Kazakhstan threatened to re-examine its contract with Italy’s Eni to develop the Kashagan oilfield, one of the world’s largest, following a new delay to its launch.
“I warn the company that we regard changes to the timetable for Kashagan as a change to the contract itself. Our actions will be appropriate,” Prime Minister Karim Masimov said, Interfax reported. “A contract should be respected by both parties,” he said during a government meeting in the Kazakh capital Astana.
Eni, which is the lead operator of the Kashagan field, announced last week that the field would start production in 2010 rather than 2008. It was the second time that the company has pushed back the date, which was first set for 2005.
Energy minister Baktykozha Izmukhambetov said that Eni had also upped the project’s estimated cost to $136 billion, from the $57 billion originally planned.
Negotiations between Eni and the Kazakh government are set for August 6.

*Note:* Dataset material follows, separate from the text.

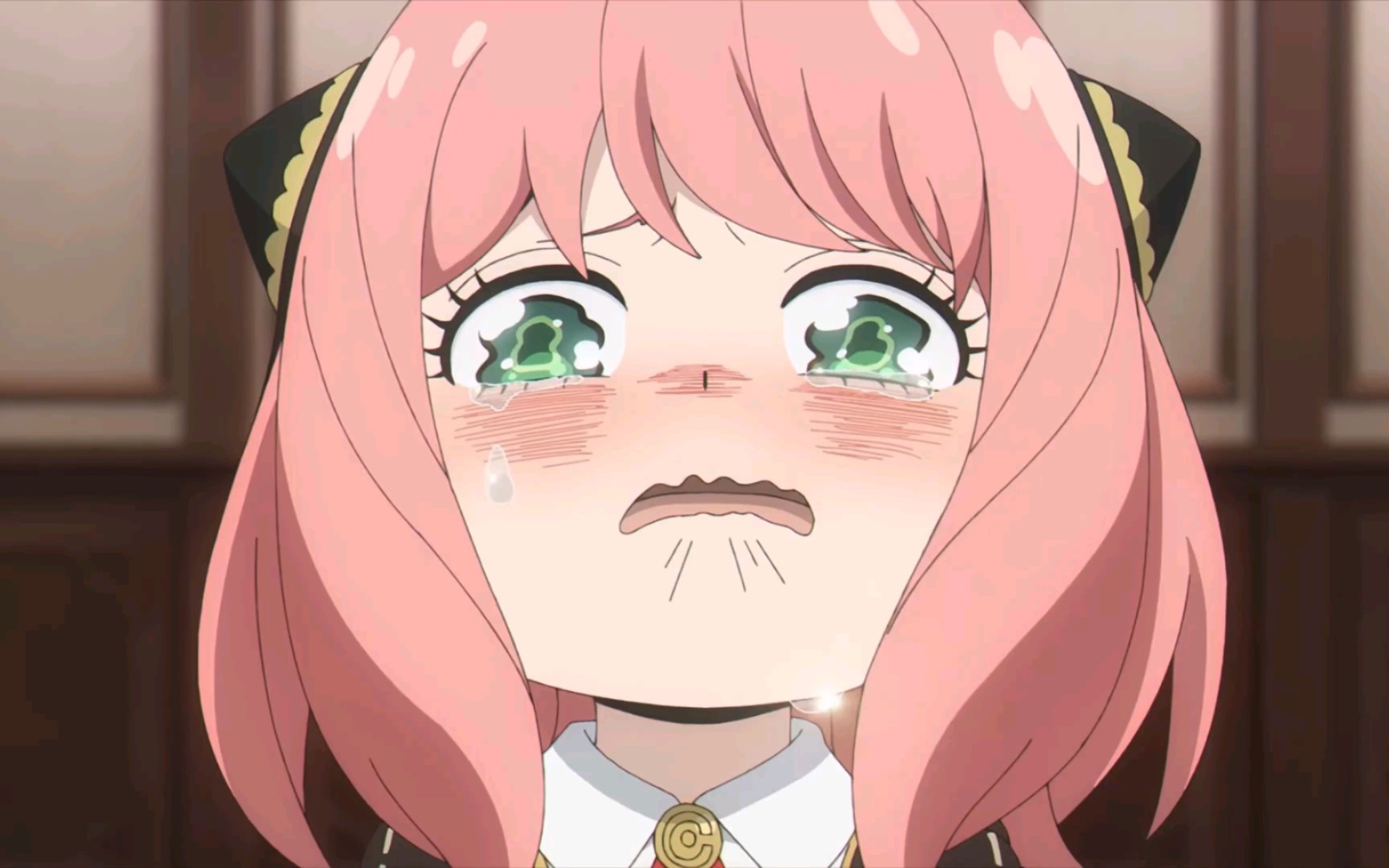 活动  阿尼亚酱:我哭哭 求抱抱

Kashagan, located in the north-east of the Caspian Sea, has been billed as one of the largest oil discoveries of the past 30 years, with a minimum of 7 billion to 9 billion barrels of extractable crude from total reserves of 38 billion barrels.
Partnering with Eni in the project are French energy company Total, Royal Dutch Shell, ExxonMobil, ConocoPhillips, Japan’s Impex, and Kazakhstan state-owned KazMunaiGaz.